▸ **TASK DESCRIPTION**: Return the data exactly, apart from leaving out the pictures.

▸ **SUPPLIED DATA**:
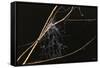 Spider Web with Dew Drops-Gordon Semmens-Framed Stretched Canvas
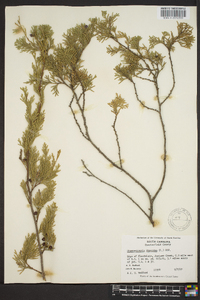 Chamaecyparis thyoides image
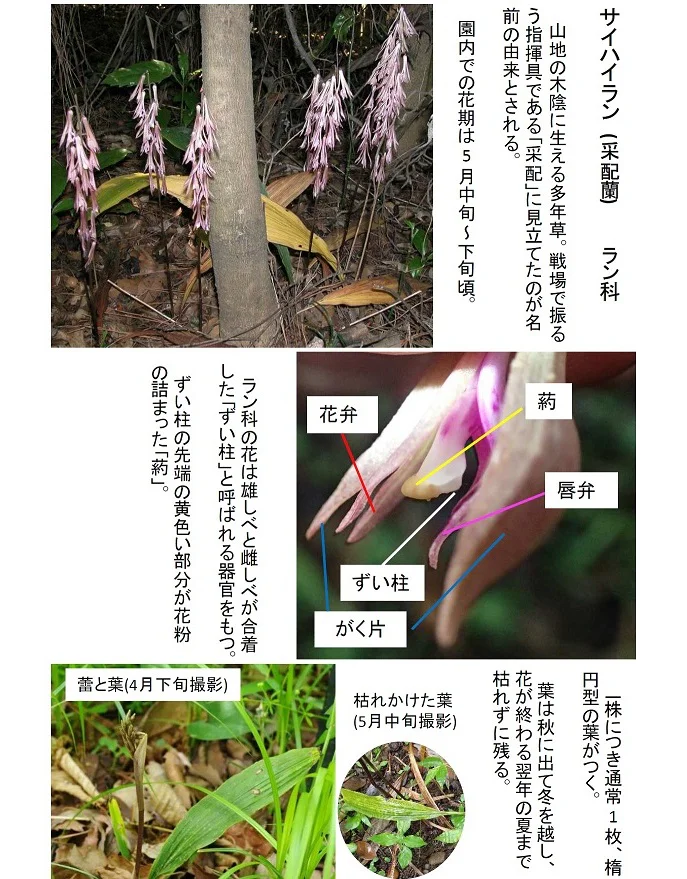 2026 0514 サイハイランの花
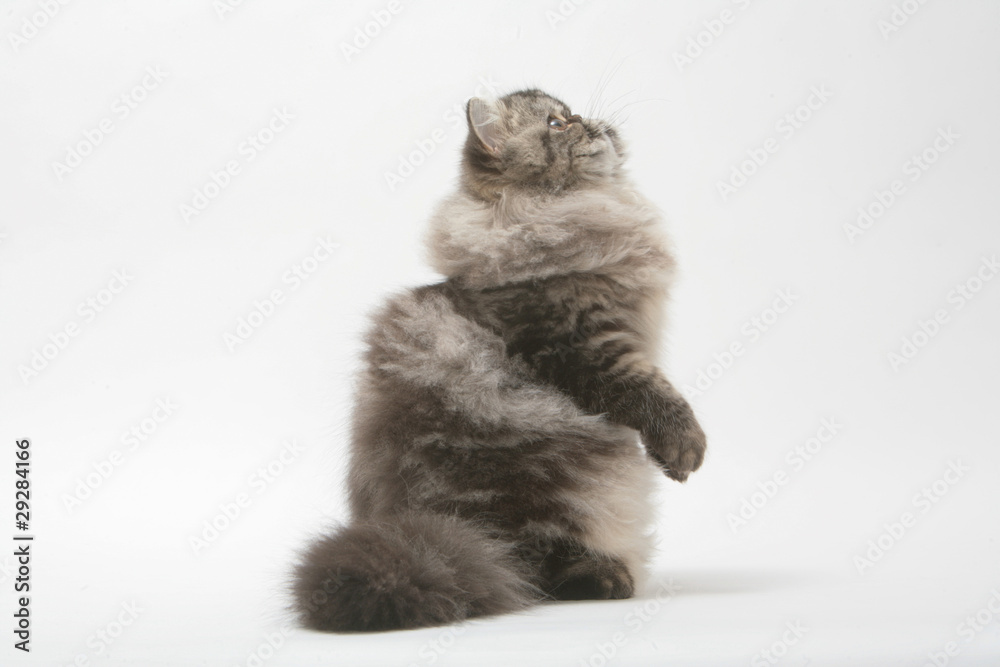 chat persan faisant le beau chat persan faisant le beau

▸ **WORKED SOLUTION**:
 Spider Web with Dew Drops-Gordon Semmens-Framed Stretched Canvas
 Chamaecyparis thyoides image
 2026 0514 サイハイランの花
 chat persan faisant le beau chat persan faisant le beau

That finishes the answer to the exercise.